THE TASK:
Scan the entries below and extract each line with the word "iPhone" in it.

*** INPUT DATA Section Begins ***

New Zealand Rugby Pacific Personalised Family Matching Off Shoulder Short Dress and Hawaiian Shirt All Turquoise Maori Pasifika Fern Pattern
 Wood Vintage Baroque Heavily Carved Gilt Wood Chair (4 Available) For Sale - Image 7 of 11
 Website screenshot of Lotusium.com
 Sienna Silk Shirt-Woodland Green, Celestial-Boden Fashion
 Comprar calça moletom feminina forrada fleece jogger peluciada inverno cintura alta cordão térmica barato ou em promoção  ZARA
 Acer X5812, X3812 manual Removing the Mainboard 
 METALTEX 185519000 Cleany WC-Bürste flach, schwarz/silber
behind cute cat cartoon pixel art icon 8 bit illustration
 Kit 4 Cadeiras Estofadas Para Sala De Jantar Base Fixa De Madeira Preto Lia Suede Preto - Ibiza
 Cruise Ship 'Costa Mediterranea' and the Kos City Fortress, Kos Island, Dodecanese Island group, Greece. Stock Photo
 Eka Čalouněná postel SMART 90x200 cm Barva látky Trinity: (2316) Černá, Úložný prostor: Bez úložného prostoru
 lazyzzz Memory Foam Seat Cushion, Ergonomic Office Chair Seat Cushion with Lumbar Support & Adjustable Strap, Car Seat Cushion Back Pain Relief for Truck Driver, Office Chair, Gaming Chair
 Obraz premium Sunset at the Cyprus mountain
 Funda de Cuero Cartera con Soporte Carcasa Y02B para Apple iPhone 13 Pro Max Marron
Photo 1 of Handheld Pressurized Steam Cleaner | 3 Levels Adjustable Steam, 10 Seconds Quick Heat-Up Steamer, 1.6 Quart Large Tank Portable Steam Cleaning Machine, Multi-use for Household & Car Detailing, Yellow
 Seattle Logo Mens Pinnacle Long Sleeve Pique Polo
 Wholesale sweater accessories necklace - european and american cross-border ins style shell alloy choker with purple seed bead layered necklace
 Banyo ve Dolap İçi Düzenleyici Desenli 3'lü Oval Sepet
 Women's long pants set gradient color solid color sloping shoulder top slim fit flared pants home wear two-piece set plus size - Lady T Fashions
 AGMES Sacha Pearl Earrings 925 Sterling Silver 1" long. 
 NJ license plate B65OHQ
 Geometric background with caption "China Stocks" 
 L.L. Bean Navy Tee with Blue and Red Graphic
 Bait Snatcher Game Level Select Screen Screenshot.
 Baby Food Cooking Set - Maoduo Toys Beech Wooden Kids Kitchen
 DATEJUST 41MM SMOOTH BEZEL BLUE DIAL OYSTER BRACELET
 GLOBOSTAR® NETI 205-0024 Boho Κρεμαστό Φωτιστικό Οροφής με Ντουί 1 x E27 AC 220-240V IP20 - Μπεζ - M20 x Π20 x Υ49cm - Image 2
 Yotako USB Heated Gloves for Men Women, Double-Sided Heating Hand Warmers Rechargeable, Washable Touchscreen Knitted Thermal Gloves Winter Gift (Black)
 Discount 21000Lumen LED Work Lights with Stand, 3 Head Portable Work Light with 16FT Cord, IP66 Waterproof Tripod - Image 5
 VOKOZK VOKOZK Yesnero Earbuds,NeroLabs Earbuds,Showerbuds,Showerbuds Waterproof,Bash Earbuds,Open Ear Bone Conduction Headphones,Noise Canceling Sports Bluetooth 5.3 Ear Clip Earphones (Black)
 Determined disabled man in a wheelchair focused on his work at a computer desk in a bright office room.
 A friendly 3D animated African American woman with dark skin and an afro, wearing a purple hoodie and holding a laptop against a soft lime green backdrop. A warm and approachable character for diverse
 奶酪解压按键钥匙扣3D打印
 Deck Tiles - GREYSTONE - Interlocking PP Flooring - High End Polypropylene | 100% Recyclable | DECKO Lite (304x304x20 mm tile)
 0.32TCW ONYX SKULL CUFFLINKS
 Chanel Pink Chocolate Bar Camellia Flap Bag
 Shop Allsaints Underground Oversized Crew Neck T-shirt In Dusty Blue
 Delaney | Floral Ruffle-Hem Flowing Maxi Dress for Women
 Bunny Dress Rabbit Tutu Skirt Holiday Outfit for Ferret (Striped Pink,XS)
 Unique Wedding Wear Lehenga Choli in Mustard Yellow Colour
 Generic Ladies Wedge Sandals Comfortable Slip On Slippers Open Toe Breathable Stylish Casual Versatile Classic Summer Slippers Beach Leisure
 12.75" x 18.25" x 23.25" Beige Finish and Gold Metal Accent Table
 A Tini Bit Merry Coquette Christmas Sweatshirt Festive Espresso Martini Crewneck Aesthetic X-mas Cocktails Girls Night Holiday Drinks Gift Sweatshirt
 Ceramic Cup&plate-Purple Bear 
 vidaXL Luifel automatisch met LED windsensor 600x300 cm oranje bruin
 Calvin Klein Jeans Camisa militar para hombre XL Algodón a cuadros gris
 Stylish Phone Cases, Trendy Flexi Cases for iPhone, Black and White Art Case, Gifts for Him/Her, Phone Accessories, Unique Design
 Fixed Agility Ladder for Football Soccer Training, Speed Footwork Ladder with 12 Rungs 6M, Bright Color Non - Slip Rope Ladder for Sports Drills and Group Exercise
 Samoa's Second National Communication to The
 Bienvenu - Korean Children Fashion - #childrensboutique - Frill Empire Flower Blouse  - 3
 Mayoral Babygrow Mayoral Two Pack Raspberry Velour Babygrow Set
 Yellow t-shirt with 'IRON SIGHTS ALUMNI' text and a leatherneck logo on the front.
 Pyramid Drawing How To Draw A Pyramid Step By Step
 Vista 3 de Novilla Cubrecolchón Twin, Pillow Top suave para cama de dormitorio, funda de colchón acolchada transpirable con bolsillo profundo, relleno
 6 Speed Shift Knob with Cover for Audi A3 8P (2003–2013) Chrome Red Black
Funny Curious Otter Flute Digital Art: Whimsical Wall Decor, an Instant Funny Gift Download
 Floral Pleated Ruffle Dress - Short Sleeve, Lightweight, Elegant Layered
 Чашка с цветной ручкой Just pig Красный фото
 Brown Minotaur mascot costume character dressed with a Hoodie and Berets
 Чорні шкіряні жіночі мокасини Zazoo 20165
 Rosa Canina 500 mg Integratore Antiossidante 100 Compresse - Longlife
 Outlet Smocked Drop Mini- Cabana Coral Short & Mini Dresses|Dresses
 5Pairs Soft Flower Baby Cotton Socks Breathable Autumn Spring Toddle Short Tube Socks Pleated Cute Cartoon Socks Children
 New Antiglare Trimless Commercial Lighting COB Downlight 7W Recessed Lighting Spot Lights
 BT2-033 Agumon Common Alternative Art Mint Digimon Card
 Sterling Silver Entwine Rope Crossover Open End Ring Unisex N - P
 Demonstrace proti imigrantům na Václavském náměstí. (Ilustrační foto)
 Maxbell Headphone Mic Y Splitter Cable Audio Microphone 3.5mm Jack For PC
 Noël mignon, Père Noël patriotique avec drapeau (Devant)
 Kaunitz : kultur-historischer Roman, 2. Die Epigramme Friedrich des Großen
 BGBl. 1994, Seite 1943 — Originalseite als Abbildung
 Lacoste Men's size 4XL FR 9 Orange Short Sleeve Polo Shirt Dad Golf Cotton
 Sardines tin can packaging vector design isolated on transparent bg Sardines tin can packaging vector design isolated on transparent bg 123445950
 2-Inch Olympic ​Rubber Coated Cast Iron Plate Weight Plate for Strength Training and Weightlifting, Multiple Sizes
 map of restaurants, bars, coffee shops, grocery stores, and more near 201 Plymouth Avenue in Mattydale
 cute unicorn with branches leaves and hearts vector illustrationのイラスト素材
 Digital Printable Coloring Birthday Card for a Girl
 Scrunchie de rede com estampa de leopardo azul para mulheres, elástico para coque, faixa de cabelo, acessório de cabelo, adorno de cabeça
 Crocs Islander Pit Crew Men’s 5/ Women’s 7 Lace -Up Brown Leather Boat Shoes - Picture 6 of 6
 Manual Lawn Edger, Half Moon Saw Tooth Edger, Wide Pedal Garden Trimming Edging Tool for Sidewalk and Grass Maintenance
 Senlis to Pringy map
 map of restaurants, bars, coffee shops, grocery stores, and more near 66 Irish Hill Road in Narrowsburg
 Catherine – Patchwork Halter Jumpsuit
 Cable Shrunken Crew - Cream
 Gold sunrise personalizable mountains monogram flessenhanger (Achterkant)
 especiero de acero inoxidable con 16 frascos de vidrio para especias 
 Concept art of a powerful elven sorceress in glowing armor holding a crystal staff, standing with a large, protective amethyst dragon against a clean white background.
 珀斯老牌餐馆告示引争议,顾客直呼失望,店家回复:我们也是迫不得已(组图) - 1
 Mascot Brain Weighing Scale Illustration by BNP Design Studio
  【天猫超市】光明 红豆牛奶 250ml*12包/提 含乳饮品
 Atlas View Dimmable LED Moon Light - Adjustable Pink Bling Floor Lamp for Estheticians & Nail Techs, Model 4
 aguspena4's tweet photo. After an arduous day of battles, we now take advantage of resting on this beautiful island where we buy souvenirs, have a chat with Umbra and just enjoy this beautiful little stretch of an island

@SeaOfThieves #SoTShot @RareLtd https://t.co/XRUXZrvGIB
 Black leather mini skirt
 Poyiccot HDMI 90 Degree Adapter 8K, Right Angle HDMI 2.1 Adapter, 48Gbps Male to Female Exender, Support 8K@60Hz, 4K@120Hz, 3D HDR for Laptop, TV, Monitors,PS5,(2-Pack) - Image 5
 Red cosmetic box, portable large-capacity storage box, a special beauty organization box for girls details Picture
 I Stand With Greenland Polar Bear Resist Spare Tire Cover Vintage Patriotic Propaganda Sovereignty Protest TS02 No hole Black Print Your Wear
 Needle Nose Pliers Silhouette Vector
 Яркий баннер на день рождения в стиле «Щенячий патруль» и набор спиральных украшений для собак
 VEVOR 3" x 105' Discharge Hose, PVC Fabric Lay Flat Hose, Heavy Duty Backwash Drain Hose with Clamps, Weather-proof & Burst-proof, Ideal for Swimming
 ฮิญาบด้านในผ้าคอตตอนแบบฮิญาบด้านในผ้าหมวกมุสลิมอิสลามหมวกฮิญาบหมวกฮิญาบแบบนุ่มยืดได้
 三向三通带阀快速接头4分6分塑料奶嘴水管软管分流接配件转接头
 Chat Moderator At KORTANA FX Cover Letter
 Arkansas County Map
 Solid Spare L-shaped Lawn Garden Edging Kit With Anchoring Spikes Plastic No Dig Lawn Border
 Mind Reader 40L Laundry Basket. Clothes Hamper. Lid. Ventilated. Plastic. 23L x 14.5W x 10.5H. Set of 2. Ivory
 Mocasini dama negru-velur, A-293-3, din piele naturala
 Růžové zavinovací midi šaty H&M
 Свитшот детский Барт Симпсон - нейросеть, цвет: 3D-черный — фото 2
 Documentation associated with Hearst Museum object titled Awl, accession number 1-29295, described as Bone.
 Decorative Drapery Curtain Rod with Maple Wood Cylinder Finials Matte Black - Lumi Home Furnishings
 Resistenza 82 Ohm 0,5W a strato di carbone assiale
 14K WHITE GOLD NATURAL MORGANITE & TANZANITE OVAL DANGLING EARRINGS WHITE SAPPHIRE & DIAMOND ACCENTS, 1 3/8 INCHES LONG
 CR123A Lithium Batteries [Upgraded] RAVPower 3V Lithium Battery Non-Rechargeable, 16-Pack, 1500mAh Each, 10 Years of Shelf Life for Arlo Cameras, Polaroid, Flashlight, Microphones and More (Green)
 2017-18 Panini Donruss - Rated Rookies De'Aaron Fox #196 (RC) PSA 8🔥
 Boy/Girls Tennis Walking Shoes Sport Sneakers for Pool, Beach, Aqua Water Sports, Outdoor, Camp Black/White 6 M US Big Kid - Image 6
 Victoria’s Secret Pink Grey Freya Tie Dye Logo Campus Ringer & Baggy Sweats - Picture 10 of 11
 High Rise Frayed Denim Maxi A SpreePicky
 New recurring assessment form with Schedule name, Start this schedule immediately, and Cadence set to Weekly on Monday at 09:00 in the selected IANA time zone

*** INPUT DATA Section Ends ***

FINISHED EXERCISE:
 Funda de Cuero Cartera con Soporte Carcasa Y02B para Apple iPhone 13 Pro Max Marron
 Stylish Phone Cases, Trendy Flexi Cases for iPhone, Black and White Art Case, Gifts for Him/Her, Phone Accessories, Unique Design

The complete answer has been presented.